Sometimes, we just get tired of thinking. Creative burnout is defined as a feeling of exhaustion and lack of interest in the work that you do. A creative person working in a creative job can be particularly susceptible to creative burnout. Being required to produce projects on a deadline rather than allowing your mind to produce ideas organically can be stressful and tiring. Here are some tips to avoid experiencing creative burnout:
1. Exercise – we’ve heard our parents and doctors telling us to get out there and exercise for as long as we can remember. Exercising is good for your body, it keeps you healthy and in good shape for longer, but it’s also good for your mind. Find a form of exercise that you like to do – it doesn’t have to be running laps something as simple as a 20 minute yoga flow in your living room can do the trick! Research has shown that people who exercise regularly fare better on cognitive tests than those who are sedentary.
2. Have hobbies – like exercise, setting aside time to do something that you genuinely are interested in can help you stay creative. Your hobby should ideally be something that challenges you a little – physically or mentally. Many hobbies will help improve your concentration, while also having a relaxing effect on you. Choosing a creative hobby can act as a creative outlet for you. Plus, it’s always important to focus on something that isn’t related to work when you need a break
3. Reorganize – the space that we live or work in can have an effect on our creativity. Don’t be afraid to change up your décor, shuffle furniture around, or otherwise reorganize your workspace at home. Since you may not have as much freedom to move things around at work, try to reorganize within reason. For example, you can try rearranging the layout of your desk and cleaning it up a bit. It goes without saying that having a clean and organized workspace will make you feel more relaxed and in control.
4. Socialize – socializing with old (and new) friends can help you relax. Whether you’re an introvert or an extrovert, it’s crucial not to isolate yourself from your friends and family, especially when you start to feel burned out from work. Isolation can lead to further feelings of distress or helplessness, which is not good for your creativity. So grab your phone and make plans with that old friend you ran into grocery shopping last week.

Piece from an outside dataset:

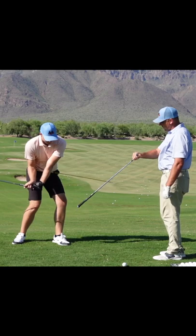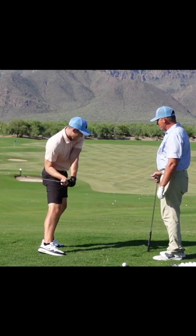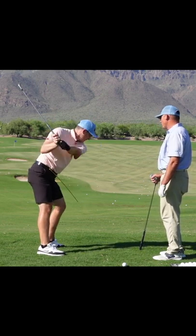Show us from down the line what that looks like. You want to see the bad one? See — it goes up in front of you. Now show us the good one. There we go — see how that goes around.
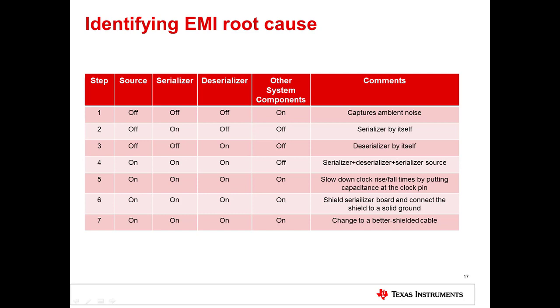If you are still having issues with EMI after following these guidelines, you can apply the steps in this table to help identify the source of the EMI and take steps to reduce it. First, turn off the data source, serializer, and deserializer while keeping other components on to capture ambient noise. Second, turn everything off but the serializer to capture the serializer noise. Third, turn everything off but the deserializer to capture the deserializer noise. Fourth, turn off everything but the data source, serializer, and deserializer to observe the noise of the SERDES.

5. Daydream – daydreaming is like exercise for your mind. Daydreaming has been linked to increased creativity, helping to become a more creative problem solver and a better planner. While you shouldn’t be off daydreaming while doing something that needs your full attention i.e., driving, or being in a meeting, you should allow your mind to wander when you have the time to wind down. Always keep a pen and notebook handy (a phone works too, but it can be more distracting) – you never know when a creative idea will strike!